However, if it’s similar to the 2015 implosion of the Shanghai Composite Index, which during the summer of that year saw 30 percent of its value disappear, this will lead to contagion to the rest of the global financial markets.

It should also be noted that when SARS hit in 2003, China made up for less than five percent of the global economy, now it’s closer to 20 percent.

“If there’s contagion to the rest of the world’s economy, low volatility, high dividend stocks will do well. A flight to quality is a standard fear response. Small cap, high volatility, value stocks will suffer if this occurs. There will a rotation back into momentum stocks,” Mr Handzy told Fundeye.

This will come as terrible news to value players such as Orbis, especially as the last quarter of 2019 saw outflows from low vol strategies as value finally seemed to have finally caught the attention of investors.

It is the global contagion scenario that Mr Handzy sees as the most likely. He makes a worrying comparison the Spanish flu epidemic of 2019. While a three percent mortality rate doesn’t sound high, if it spreads globally, this could results in tens of millions of deaths. While making sure a portfolio is defensively positioned as to not be wiped out in the potential disaster might seem a tad distasteful given the humanitarian implications, it is something investors need to think about.
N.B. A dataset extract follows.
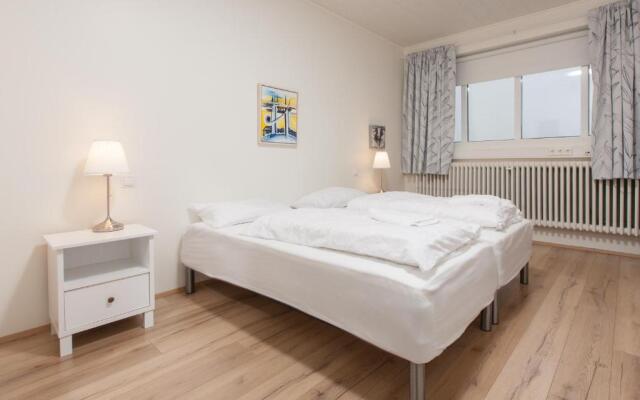 Ljosafoss Guest House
Even if the worse-case scenario doesn’t occur, there will be fear driven response by the markets anyway and safety first is likely to be the order of the day. So a shift into bond proxies may occur, stocks trading on undemanding price-to-earnings multiples while paying generous dividends at the expense of the higher risk but greater reward value stocks.

Even if European and North American investors don’t have any Chinese holdings, in an age of globalisation China can’t simply be ignored.

For those who have been waiting for the rotation into value to come into play, unfortunately that now seems postponed. Indefinitely.